_Task objective_. Beginning with the line below that contains "Tarde de invierno, de" and ending with the line that contains "25.08.2019 - Kalle", retype every line exactly. Pictures are not copied.
--- Data records Enclosed Below ---
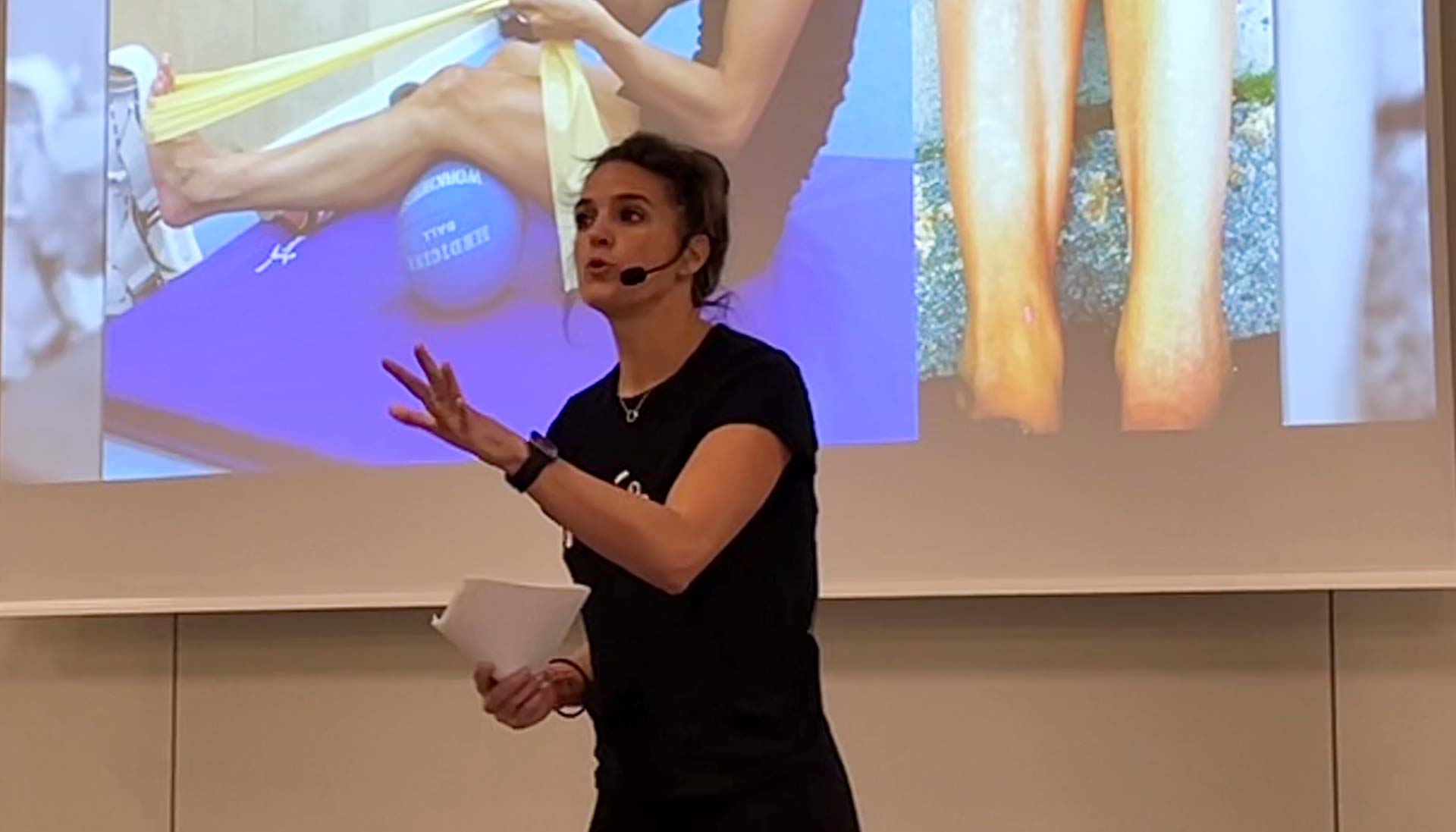 Nadja Casadei föreläser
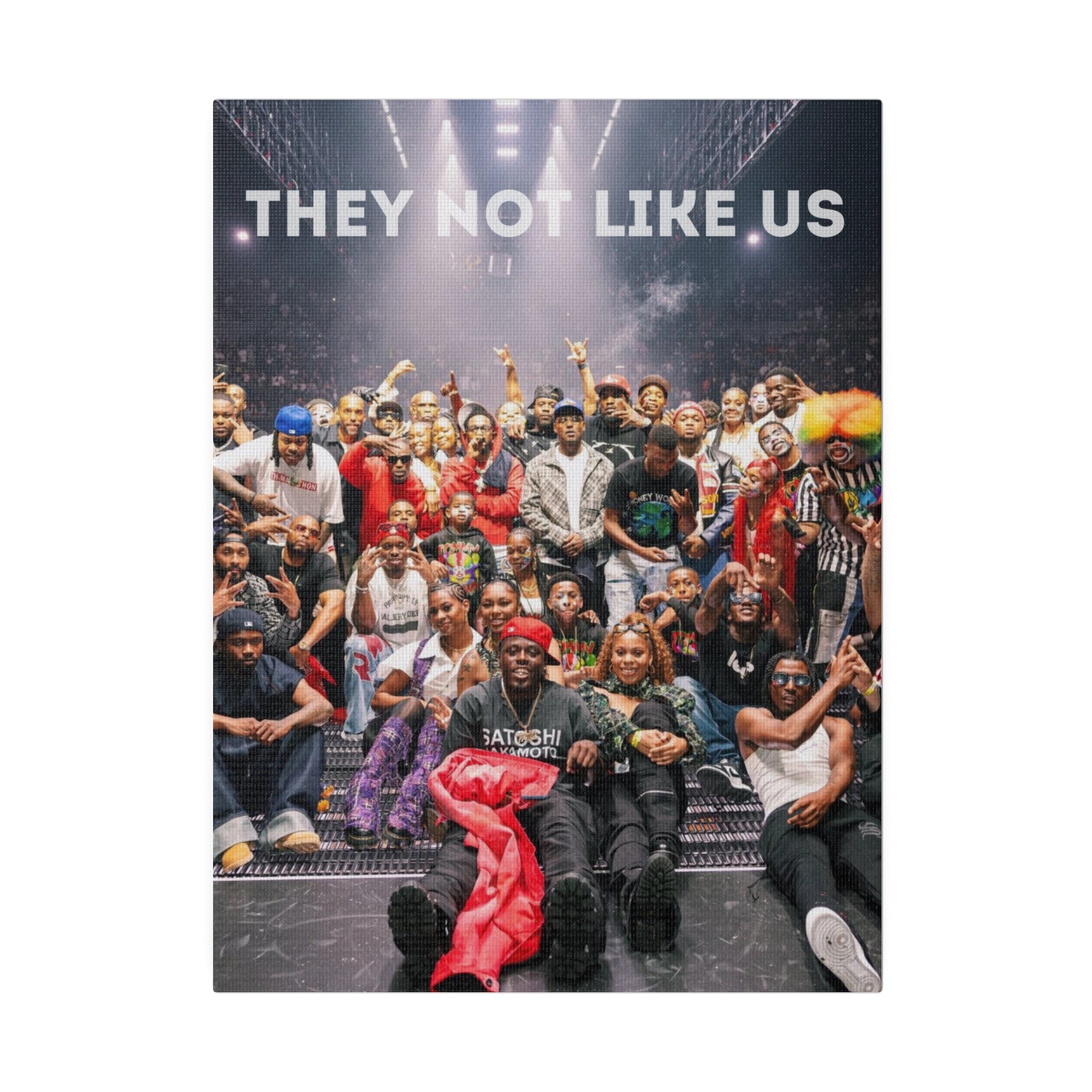 They Not Like Us Matte Canvas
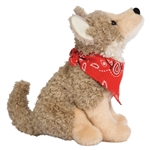 Trixter the Little Plush Coyote with Bandana by Douglas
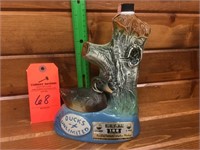 Jim Beam Ducks Unlimited wood duck drake decanter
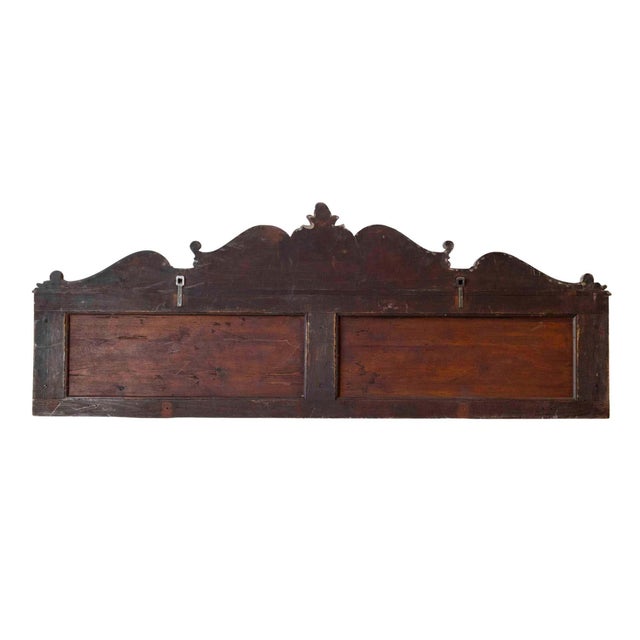 Early 20th Century Swedish Wall-Mounted Coat Rack with Brass Hooks For Sale - Image 9 of 9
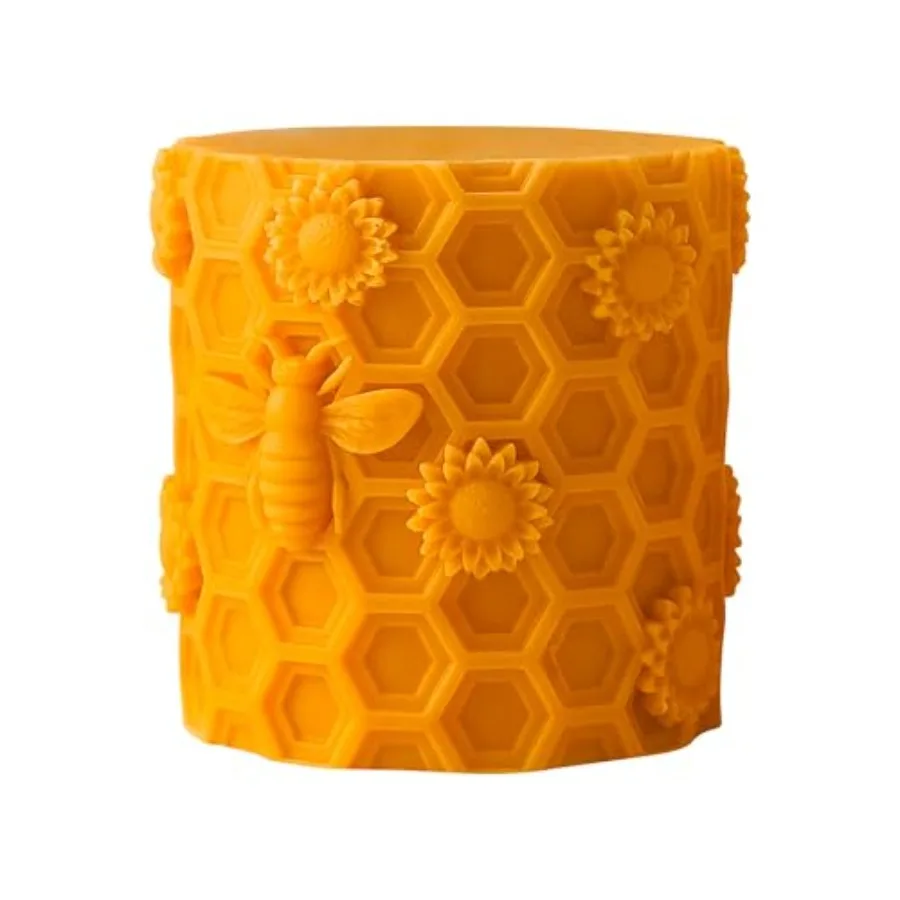 

Honeycomb Silicone Cylinder Mold for Resin Casting and Candle Making
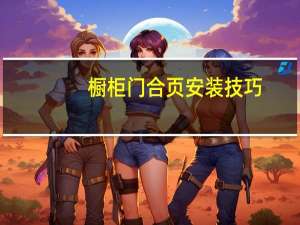 橱柜门合页安装技巧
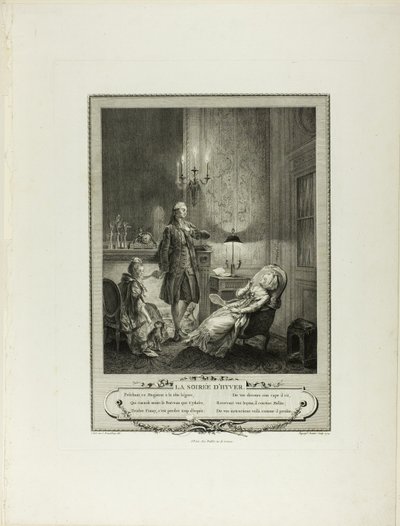 Tarde de invierno, de Monument du Costume Physique et Moral de la fin du Dix-huitième siècle de Francois Robert Ingouf
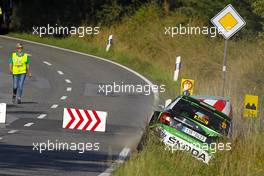 25.08.2019 - Kalle Rovanpera (FIN) - Jonne Halttunen (FIN) Skoda Fabia R5 RC2, SKODA Motorsport 22-05.08.2019. FIA World Rally Championship, Rd 10, Rally Deutschland , Germany.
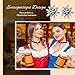 Sinmoe 3 Stück Trachtenschmuck Set Bayerisch Bierfest Dirndlschmuck Elegante Trachtenkette mit Ohrstecker Edelweiß Halskette Samt Kropfband für Damen Bierfest Trachten Dirndl Accessoires(Schwarz)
--- End of Enclosed Data records ---
_Result for this exercise_.
 Tarde de invierno, de Monument du Costume Physique et Moral de la fin du Dix-huitième siècle de Francois Robert Ingouf
 25.08.2019 - Kalle Rovanpera (FIN) - Jonne Halttunen (FIN) Skoda Fabia R5 RC2, SKODA Motorsport 22-05.08.2019. FIA World Rally Championship, Rd 10, Rally Deutschland , Germany.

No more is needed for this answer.